If you upgrade the zoom lens, and go the 70-200 + extender, take it out in the field if you can first (or rent one?), see how many shots you miss because you were too busy putting the extender on to get that extra reach. if it's the non-IS, see how much that affects your shooting style. see how much better the photos are wide-open at f/2.8. Also consider the 100-400 as AJ said, or a bit cheaper now is the 70-300L, better IQ than a 70-200+tc (how much better depends which flavour 70-200), no changing TCs, if you can put up with the f/5.6 for extra reach or convenience.

if you go the body option, one thing to think about:
the xxxD models are upgraded every year on the dot. they'll take the latest sensor whatever it is. if the 7D2 comes out soon, and at least 6 months before the 650D, then the 650D will get that sensor.
(it might not, but it has happened every time until now. even the 400d got the sensor *before* the 40d, the 50d sensor went to the 500d 6 months later, and the 7d sensor went to 550d 6 months later).
you can wait on a body, but every time there'll be something new or cheaper just around the corner to wait for. bodies degrade in price a bit more than good glass does too. if you're buying a used 70-200 2.8 nonIS, then factor in that if you ever need to sell it, and treat it well, you can probably get back almost what you paid for it. not so with a body.


hmmm, i came here thinking that the obvious answer was to go the 24-70, but i'm not so sure now.
i think the biggest question you need to answer first, is are you going to be definitely going FF at some point. the 5D2 will always be a good camera, regardless of if/when the 5D3 comes out. my bet is the 5D3 will be 50% more than 5D2's price now on release, a used 5D2 will hold its value for a while until 5D3 stocks are ubiquitous, i might even consider one at that point. upgrading the wide makes no sense if you're staying with APS-C, or get an APS-C wide (17-55, 15-85).
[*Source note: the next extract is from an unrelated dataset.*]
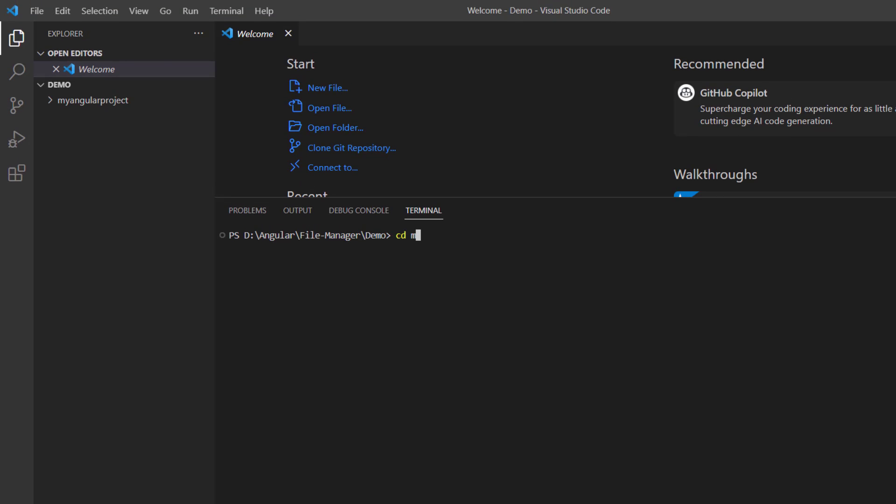I navigate to the location where my new project has been created. To start using the File Manager component, install the Syncfusion Angular File Manager package using the command ng add syncfusion ej2-angular-filemanager.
So my money's actually on going the long-upgrade (also consider the 100-400 or the 70-300L), then if you ever go FF you'll have to get a wide-angle FF lens at that point too...

and i didn't give any good arguement as to why not to upgrade the body. my feeling is that the new models are coming out *soon*. but 12 MP is more than enough unless you're doing enlargements, or plan to crop out smaller bits when your lens can't reach far enough (i do sometimes). I'd stick with 450 until 7d2 or 5d3 some out, then maybe even a 2nd-hand 7d or 5d2 will be very attractive once the price has settled, a newer model doesn't make the old model any worse than it is now...


----------



## Jamesy (Jul 7, 2011)

I have a 40D and a 17-55. On a crop body the 17-55 is a top performer - I have often thought about getting a 24-70 or 24-105 instead but could not live without 17-23 on the wide end. That said, I am holding out until the 5D3 comes out and will likely jump into FF at that time. The 17-55 produces amazing results over the kit lens. You could always pick one up used and sell it once you jump ship to FF.


----------



## neuroanatomist (Jul 7, 2011)

Jamesy said:


> On a crop body the 17-55 is a top performer - I have often thought about getting a 24-70 or 24-105 instead but could not live without 17-23 on the wide end. That said, I am holding out until the 5D3 comes out and will likely jump into FF at that time. The 17-55 produces amazing results over the kit lens. You could always pick one up used and sell it once you jump ship to FF.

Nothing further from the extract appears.